Roblox deploys open-source AI, Sentinel, for child safety in chats
Roblox, the immensely popular online gaming platform frequented by millions of children and teenagers, has unveiled an open-source artificial intelligence system designed to proactively identify predatory language within its game chats. This significant move comes amidst mounting legal challenges and public criticism, with lawsuits alleging the company has not done enough to safeguard its younger users from online predators. One recent lawsuit, filed in Iowa, claims a 13-year-old girl was introduced to an adult predator on Roblox, subsequently kidnapped, trafficked across multiple states, and raped. The suit specifically contends that Roblox’s platform design makes children particularly vulnerable.
Roblox maintains that it strives to make its systems as safe as possible by default, acknowledging, however, that “no system is perfect” and that detecting critical harms like potential child endangerment remains one of the industry’s most formidable challenges. The new AI system, named Sentinel, is specifically engineered to detect early indicators of possible child endangerment, including sexually exploitative language. The company reports that Sentinel’s insights led to 1,200 reports of potential child exploitation attempts being submitted to the National Center for Missing and Exploited Children during the first half of 2025 alone. By open-sourcing this technology, Roblox aims to extend its protective capabilities to other platforms facing similar online safety concerns.

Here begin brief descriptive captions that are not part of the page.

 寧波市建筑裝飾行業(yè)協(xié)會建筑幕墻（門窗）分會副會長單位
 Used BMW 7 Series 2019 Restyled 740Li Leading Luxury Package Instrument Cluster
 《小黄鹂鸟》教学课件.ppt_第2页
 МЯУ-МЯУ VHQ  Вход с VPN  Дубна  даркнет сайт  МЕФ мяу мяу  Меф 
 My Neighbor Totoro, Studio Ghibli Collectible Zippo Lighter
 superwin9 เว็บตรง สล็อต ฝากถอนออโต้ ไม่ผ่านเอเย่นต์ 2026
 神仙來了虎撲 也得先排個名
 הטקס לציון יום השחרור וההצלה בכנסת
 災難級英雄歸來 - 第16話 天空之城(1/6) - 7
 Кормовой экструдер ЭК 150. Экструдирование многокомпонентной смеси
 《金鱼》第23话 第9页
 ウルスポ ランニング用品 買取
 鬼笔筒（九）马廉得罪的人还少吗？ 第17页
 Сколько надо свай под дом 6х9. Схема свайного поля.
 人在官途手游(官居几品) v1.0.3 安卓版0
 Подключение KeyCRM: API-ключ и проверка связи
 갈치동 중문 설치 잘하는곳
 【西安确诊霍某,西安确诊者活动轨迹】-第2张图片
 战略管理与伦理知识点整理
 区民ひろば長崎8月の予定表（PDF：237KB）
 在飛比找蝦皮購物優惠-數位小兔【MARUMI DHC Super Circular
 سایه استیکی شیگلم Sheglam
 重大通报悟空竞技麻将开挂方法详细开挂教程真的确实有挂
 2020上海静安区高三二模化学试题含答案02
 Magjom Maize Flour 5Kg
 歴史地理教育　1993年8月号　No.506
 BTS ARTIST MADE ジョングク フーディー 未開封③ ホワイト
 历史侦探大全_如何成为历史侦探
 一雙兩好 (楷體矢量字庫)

Detecting potential dangers to children through AI can be exceptionally complex, mirroring the difficulties faced by human moderators. Initial conversational exchanges, such as seemingly innocuous questions like “how old are you?” or “where are you from?”, might not trigger immediate red flags. Yet, when analyzed within the broader context of an extended conversation, these phrases can reveal a sinister underlying intent. Roblox, which boasts over 111 million monthly users, already prohibits sharing videos or images in chats and attempts to block personal information like phone numbers, though users frequently find ways to circumvent such safeguards. Additionally, children under 13 are restricted from chatting with other users outside of games unless explicit parental permission is granted. Unlike many other platforms, Roblox does not encrypt private chat conversations, enabling it to monitor and moderate interactions.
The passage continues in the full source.